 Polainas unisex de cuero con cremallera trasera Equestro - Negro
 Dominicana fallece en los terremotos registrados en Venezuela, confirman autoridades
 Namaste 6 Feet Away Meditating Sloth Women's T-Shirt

---

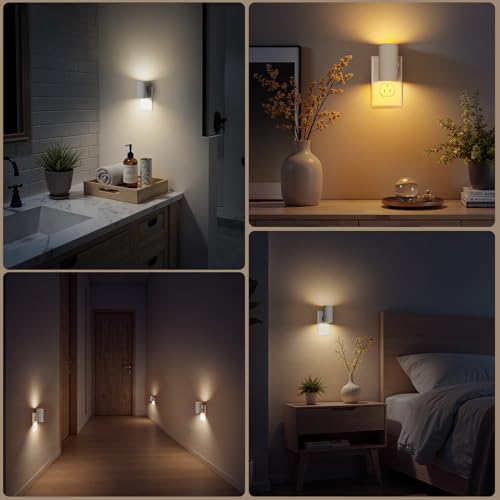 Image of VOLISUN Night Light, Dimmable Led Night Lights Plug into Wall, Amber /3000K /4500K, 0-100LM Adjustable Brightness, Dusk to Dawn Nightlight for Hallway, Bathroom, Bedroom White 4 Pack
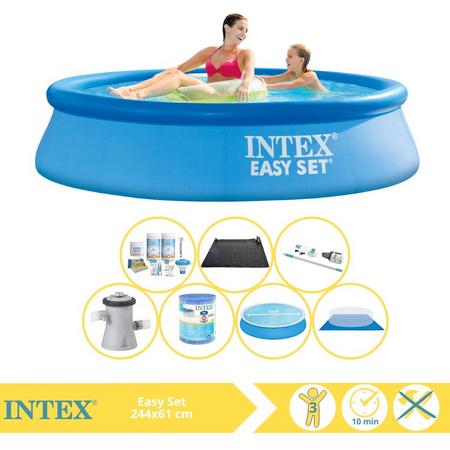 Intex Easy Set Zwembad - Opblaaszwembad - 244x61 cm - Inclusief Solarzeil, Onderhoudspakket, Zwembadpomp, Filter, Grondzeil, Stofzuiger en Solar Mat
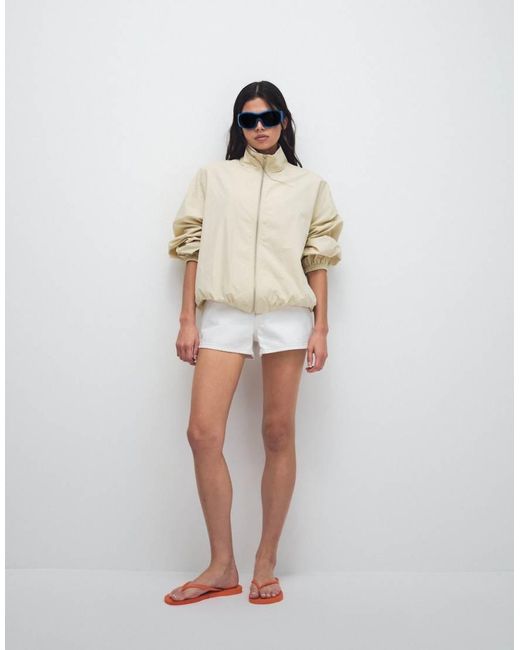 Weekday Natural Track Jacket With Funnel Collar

What you have to do —
Copy the lines above exactly, starting at the one with "Intex Easy Set" and ending at the one with "Weekday Natural Track", both included. Leave out any pictures and add nothing else.

Output —
 Intex Easy Set Zwembad - Opblaaszwembad - 244x61 cm - Inclusief Solarzeil, Onderhoudspakket, Zwembadpomp, Filter, Grondzeil, Stofzuiger en Solar Mat
 Weekday Natural Track Jacket With Funnel Collar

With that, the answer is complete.